Ну а раз человек, с которым мы хотим вести близкое общее дело… пускает в ход по отношению к товарищам шахматный ход, — тут уж нечего сомневаться в том, что это человек нехороший, именно нехороший, что в нем сильны мотивы личного, мелкого самолюбия и тщеславия, что он — человек неискренний» 22 .
Так может быть, стоило сразу ухватиться за утреннюю «отставку» Плеханова и вернуться к псковскому варианту, то есть взять всю редакцию на себя? Нет! «Брать на себя редакторство… — пишет Владимир Ильич, — было бы теперь просто противно, это выходило бы именно так, как будто бы мы гнались только за редакторскими местечками, как будто бы мы были Streber'ами, карьеристами, как будто бы и в нас говорило такое же тщеславие, только калибром пониже…» 23
Те, кто утверждают, что Ульянов с его «железобетонной однолинейностью» был напрочь лишен какой бы то ни было интеллигентской рефлексии, судя по всему, никогда не читали этого документа.
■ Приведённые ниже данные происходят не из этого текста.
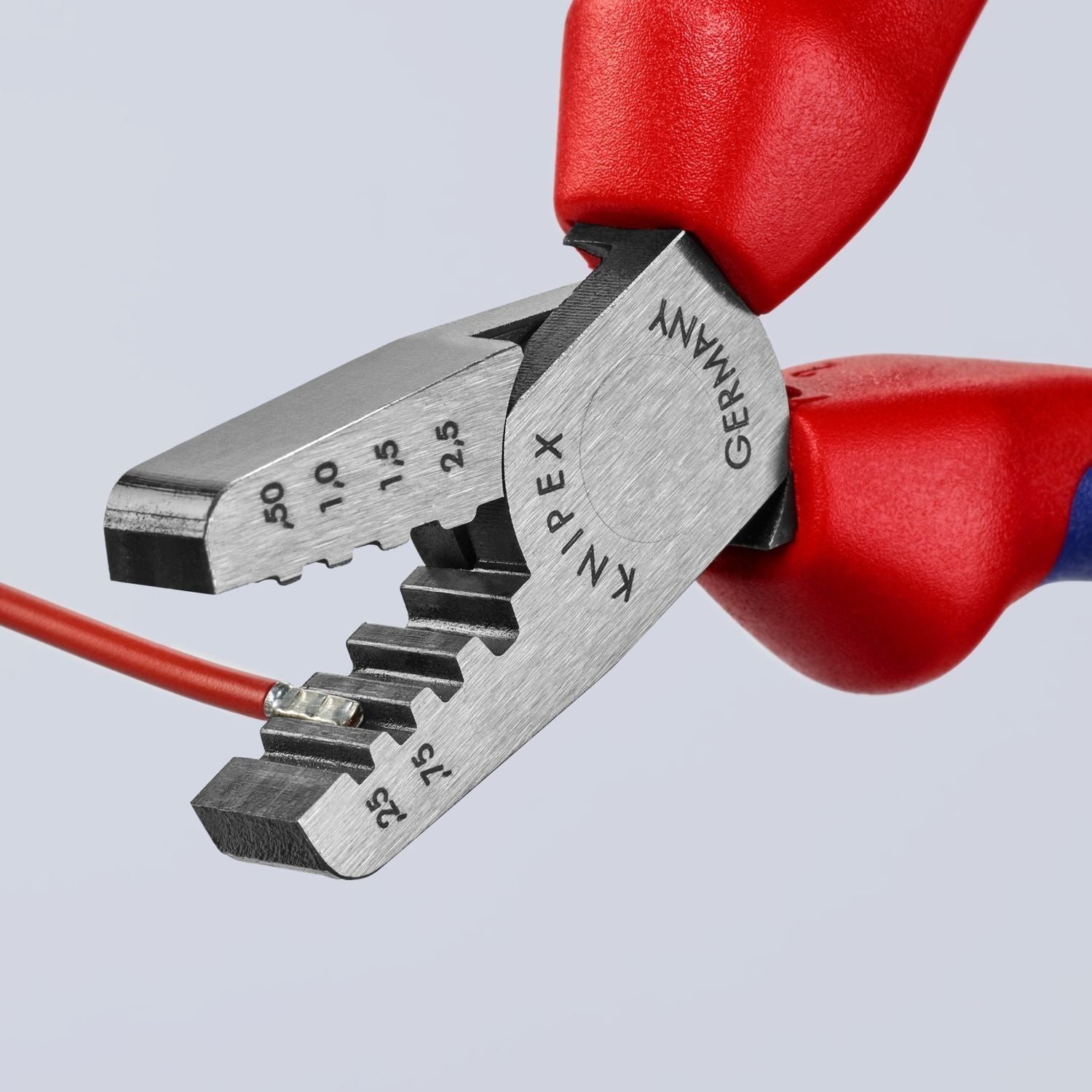 Knipex 97 62 145 A Crimping Pliers for Wire Ferrules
Точно так же не прав был, видимо, и Владимир Андреевич Оболенский, который, услышав в Пскове реплику о том, что Ульянов и Потресов «живут душа в душу», ревниво и зло заметил: «Живут они не душа в душу, а голова в голову, так как у [Ульянова] души нет» 24 . Была, Владимир Андреевич, душа, была. И, как оказалось, довольно ранимая…
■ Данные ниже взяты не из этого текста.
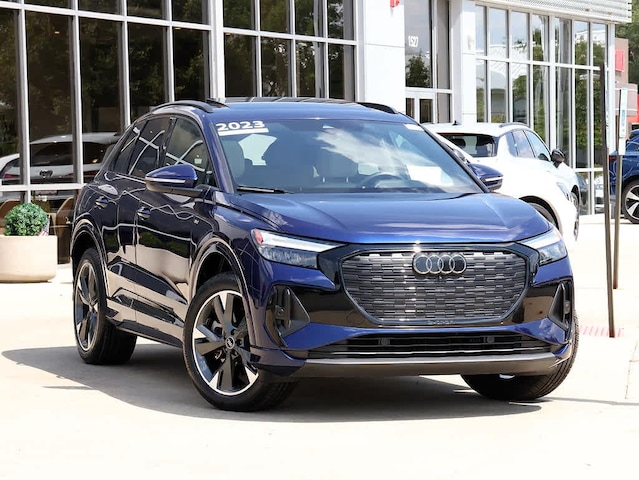 Photo of 2023 Audi Q4 e-tron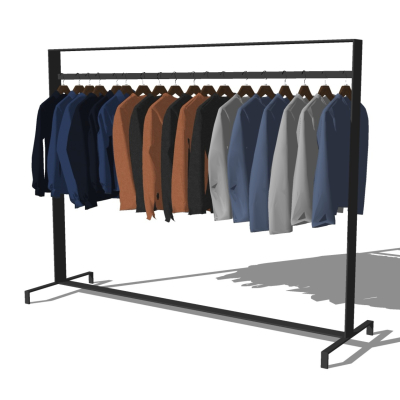 Modern Clothes Hanger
«Трудно описать с достаточной точностью, — писал Владимир Ильич, — наше состояние в этот вечер: такое это было сложное, тяжелое, мутное состояние духа! Это была настоящая драма, целый разрыв с тем, с чем носился, как любимым детищем, долгие годы…
Никогда, никогда в моей жизни я не относился ни к одному человеку с таким искренним уважением и почтением, veneration, ни перед кем я не держал себя с таким «смирением» — и никогда не испытывал такого грубого «пинка».
И все от того, что мы были раньше влюблены в Плеханова: не будь этой влюбленности, относись мы к нему хладнокровнее, ровнее, смотри мы на него немного более со стороны, — мы иначе бы повели себя с ним и не испытали бы такого, в буквальном смысле слова, краха, такой «нравственной бани», по совершенно верному выражению Арсеньева. Это был самый резкий жизненный урок, обидно-резкий, обидно-грубый» 25 .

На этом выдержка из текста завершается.